Posted by Daniel Lyons on July 13, 2009

For a little while I was thinking about managing my website with this before I decided to use Webby instead. I changed my mind for three reasons:

  1. My system sucks at syntax highlighting. With Webby, you just use Ultraviolet.
  2. There isn’t a good way to do escape characters in m4, so some blog posts break spontaneously.
  3. Webby somehow manages to be faster.

I’m not sure I’m going to abandon this idea completely though. It might be a good project to do with Plan 9. If I remake the site in Clojure then I probably will go for something more dynamic though.

Anyway.

Conception

This project is a hate crime.

I hate websites. Especially I hate software for managing them which is too limited and doesn’t build on the fundamental flexibility of the platform. I also hate reinventing the wheel.

It occurred to me as I was playing with Webby that I hate Rake, because it’s slower than real make and less powerful and because I hate Ruby now too.

Why not use make? Make has a great advantage over other systems: you can write pattern rules that generate some file type from some other file type and now the whole thing knows how to transform all your files from one thing to another. That’s handy.

Thinking about what everyone needs in a website, they really only need a system to get some text into a giant ball of HTML and stuff that into their template somehow. Perhaps also doing some other template-like crap at the same time. There are lots of great tools for managing your HTML glorp, unfortunately many of them are Ruby specific, but there’s Textile, Markdown, Haml and others.

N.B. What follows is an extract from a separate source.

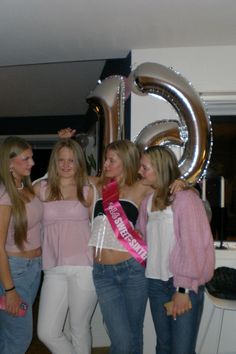 four beautiful young women standing next to each other in front of a giant number six balloon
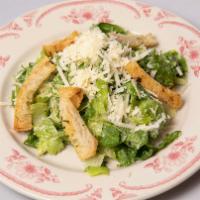 Insalata Caesar · Toasted bread, lettuce, parmesan with anchovies capers garlic dressing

Interestingly, you only really want to deal with Haml for the template and Textile or Markdown for the structure. Textile looks more like plain text to me than Markdown but Markdown is better at dealing with code and nested stuff—I seem to have to resort to raw HTML a lot less, and it’s bi-directional. I like having choices.

So this seemed like my formula: glorp + template = HTML.

A Twist

How do you deal with things like the title? The title ostensibly appears in the glorp somewhere but it also needs to wind up at the top of the file, in the <title> tag.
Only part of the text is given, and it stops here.